Try it
Working from the entries below, give again each line from the first through the one containing "Portafoglio in pelle", exactly and with nothing else.

[Caption-style text data]
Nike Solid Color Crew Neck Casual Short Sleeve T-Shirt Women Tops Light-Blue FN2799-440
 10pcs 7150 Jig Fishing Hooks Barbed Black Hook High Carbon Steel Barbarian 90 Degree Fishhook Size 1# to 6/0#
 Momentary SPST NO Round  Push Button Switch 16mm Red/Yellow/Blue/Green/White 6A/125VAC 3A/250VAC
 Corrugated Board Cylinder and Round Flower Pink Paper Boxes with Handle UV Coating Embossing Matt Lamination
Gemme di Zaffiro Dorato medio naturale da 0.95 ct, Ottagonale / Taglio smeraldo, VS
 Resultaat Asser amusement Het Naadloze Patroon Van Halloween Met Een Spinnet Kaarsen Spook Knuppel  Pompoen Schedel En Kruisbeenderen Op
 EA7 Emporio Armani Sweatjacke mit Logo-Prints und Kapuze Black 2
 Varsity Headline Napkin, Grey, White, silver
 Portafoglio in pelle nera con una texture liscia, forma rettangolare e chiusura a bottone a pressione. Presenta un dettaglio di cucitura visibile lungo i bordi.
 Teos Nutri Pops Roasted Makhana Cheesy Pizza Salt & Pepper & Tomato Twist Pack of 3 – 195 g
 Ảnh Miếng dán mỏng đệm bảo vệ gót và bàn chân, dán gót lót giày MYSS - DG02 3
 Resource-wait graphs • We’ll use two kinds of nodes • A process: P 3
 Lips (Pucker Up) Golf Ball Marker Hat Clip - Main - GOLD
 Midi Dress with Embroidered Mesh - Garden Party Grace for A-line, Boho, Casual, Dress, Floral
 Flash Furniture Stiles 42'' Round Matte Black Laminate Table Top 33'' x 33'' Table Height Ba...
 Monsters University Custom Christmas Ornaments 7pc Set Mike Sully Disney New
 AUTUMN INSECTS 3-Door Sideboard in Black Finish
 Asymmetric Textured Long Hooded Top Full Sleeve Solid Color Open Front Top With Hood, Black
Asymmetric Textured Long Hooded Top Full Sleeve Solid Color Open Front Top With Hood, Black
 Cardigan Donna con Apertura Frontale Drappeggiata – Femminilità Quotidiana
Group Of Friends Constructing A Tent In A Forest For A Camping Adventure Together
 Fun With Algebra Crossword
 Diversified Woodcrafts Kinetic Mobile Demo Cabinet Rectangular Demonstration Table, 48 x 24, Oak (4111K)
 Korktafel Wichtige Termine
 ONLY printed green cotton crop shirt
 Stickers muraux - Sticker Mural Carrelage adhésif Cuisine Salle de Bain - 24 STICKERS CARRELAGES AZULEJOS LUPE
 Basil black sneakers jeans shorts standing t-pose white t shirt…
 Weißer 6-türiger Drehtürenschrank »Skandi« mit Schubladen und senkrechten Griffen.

Task answer
Nike Solid Color Crew Neck Casual Short Sleeve T-Shirt Women Tops Light-Blue FN2799-440
 10pcs 7150 Jig Fishing Hooks Barbed Black Hook High Carbon Steel Barbarian 90 Degree Fishhook Size 1# to 6/0#
 Momentary SPST NO Round  Push Button Switch 16mm Red/Yellow/Blue/Green/White 6A/125VAC 3A/250VAC
 Corrugated Board Cylinder and Round Flower Pink Paper Boxes with Handle UV Coating Embossing Matt Lamination
Gemme di Zaffiro Dorato medio naturale da 0.95 ct, Ottagonale / Taglio smeraldo, VS
 Resultaat Asser amusement Het Naadloze Patroon Van Halloween Met Een Spinnet Kaarsen Spook Knuppel  Pompoen Schedel En Kruisbeenderen Op
 EA7 Emporio Armani Sweatjacke mit Logo-Prints und Kapuze Black 2
 Varsity Headline Napkin, Grey, White, silver
 Portafoglio in pelle nera con una texture liscia, forma rettangolare e chiusura a bottone a pressione. Presenta un dettaglio di cucitura visibile lungo i bordi.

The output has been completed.